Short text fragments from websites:
• • • • •

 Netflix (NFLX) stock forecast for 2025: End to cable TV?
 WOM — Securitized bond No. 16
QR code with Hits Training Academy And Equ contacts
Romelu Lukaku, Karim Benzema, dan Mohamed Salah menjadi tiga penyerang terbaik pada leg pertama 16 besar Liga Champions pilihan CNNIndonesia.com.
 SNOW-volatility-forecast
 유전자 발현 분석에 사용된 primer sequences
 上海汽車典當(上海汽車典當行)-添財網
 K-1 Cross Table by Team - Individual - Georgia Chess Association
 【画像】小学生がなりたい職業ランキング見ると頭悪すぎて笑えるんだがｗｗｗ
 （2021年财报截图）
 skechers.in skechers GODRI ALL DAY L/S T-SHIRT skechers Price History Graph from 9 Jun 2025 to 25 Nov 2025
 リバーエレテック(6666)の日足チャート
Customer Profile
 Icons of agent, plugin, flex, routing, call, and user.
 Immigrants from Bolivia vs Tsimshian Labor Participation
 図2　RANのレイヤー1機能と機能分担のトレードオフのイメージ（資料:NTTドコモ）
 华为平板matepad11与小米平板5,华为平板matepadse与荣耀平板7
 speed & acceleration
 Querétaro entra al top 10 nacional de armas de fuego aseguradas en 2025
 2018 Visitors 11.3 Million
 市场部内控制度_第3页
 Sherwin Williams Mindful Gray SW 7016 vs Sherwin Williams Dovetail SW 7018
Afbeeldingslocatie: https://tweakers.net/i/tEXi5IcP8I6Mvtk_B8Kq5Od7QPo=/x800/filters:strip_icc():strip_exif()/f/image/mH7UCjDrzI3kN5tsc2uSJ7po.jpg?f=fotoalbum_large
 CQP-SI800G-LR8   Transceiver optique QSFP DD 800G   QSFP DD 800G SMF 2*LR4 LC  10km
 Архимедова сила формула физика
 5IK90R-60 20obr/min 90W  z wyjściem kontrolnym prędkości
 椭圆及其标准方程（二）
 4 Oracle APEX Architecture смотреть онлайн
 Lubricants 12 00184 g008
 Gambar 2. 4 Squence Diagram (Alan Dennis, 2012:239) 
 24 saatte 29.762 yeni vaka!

• • • • •

Search the records above for the string "forecast". Report each line that has it.

 Netflix (NFLX) stock forecast for 2025: End to cable TV?
 SNOW-volatility-forecast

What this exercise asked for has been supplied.